Welcome to griggs's film reviews page. griggs has written 411 reviews and rated 1782 films.
The Baby is entirely bonkers. It’s one of those films where you spend most of the runtime wondering if it’s meant to be a dark comedy, social commentary, or just a mad fever dream—and then the ending slaps you with something so horrifying and twisted, you just sit there gobsmacked.
It’s not good in any traditional sense, but it's truly bizarre. The fact that it plays it all straight adds to the weird, hilarious tension. Ruth Roman is terrific as Mrs Wadsworth—equal parts Joan Crawford glare and Joan Collins sass—and Anjanette Comer keeps a straight face like a champ.
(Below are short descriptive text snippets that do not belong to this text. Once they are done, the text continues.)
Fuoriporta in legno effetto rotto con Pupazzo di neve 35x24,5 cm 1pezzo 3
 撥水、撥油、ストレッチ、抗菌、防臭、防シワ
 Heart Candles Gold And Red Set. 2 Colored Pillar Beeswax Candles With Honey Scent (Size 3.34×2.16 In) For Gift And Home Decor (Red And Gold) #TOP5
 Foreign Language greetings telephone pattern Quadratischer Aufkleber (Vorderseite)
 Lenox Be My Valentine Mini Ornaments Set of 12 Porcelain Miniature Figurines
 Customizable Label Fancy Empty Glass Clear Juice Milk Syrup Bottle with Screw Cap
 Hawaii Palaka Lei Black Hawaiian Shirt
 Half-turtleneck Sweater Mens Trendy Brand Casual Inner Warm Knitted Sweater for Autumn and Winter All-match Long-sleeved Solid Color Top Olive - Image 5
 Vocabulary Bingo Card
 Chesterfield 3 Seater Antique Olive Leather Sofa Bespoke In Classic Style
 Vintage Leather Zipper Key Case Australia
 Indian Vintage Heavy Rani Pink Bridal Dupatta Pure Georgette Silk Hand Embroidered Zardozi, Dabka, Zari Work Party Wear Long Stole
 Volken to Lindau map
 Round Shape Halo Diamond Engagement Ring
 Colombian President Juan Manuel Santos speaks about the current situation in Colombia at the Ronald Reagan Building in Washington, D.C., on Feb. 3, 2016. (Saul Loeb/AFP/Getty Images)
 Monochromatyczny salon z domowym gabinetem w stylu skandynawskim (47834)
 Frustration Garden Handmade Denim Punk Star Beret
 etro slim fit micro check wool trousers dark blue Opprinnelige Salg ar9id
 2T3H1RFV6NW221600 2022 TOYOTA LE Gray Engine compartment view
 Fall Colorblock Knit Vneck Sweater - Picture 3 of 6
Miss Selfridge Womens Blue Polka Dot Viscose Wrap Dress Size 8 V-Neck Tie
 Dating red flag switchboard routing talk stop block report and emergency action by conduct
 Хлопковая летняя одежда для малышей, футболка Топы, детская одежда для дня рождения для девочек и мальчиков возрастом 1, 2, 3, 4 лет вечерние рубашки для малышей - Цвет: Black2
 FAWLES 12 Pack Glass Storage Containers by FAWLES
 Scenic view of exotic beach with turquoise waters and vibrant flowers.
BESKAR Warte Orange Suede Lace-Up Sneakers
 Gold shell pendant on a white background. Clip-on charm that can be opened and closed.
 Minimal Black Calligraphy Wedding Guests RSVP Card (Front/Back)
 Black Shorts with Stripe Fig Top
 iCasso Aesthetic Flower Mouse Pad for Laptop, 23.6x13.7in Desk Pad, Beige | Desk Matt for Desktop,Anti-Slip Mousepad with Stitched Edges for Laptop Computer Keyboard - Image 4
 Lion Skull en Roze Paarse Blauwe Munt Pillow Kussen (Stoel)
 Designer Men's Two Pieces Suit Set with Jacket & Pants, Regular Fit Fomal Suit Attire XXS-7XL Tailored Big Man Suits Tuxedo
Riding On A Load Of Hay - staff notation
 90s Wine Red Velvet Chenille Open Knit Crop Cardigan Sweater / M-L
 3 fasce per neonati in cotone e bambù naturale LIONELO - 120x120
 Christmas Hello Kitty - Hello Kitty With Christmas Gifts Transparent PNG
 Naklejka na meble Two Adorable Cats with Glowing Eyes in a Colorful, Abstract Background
House of the Devil is the kind of film that makes you feel like you’ve stumbled across a forgotten VHS in your local video shop circa 1983. From the grainy cinematography to the brilliant production design and period-perfect editing, Ti West nails the ‘80s aesthetic—it’s lived-in, not just styled.
It’s also surprisingly tense. There’s a real Hitchcock-style suspense at play, with a creeping, slow-burn horror vibe that calls to mind classics like The Omen, Rosemary’s Baby, and The Changeling. You can tell where it’s all heading, but the “how” and “why” keep you firmly in its grip.
That said, I did find myself wondering if it’s more style than substance. Is it a clever tribute, or is it borrowing too heavily from the past? Either way, it’s a fun and faithful throwback with an authentic atmosphere—even if it never becomes its own thing. Still, it’s well worth a watch.
Watching Why Don’t You Play in Hell? is like being trapped in a cinema that’s caught on fire, and instead of running for the fire exits, you’re blocking the aisles and cheering. Sono throws everything at the screen–violence, absurdity, sentimentality–and somehow, it still, or at least smoulders in your brain long after. It make’s John Waters’ Cecil B. Demented look like a restrained Hollywood Golden Age studio picture rather than a midnight movie by comparison. It’s overwhelming, ridiculous, and weirdly moving. You don’t just watch, you get swept up in his deranged energy. And when the credits roll, you’re exhausted but strangely elated–like you’ve just survived something brilliant and bonkers.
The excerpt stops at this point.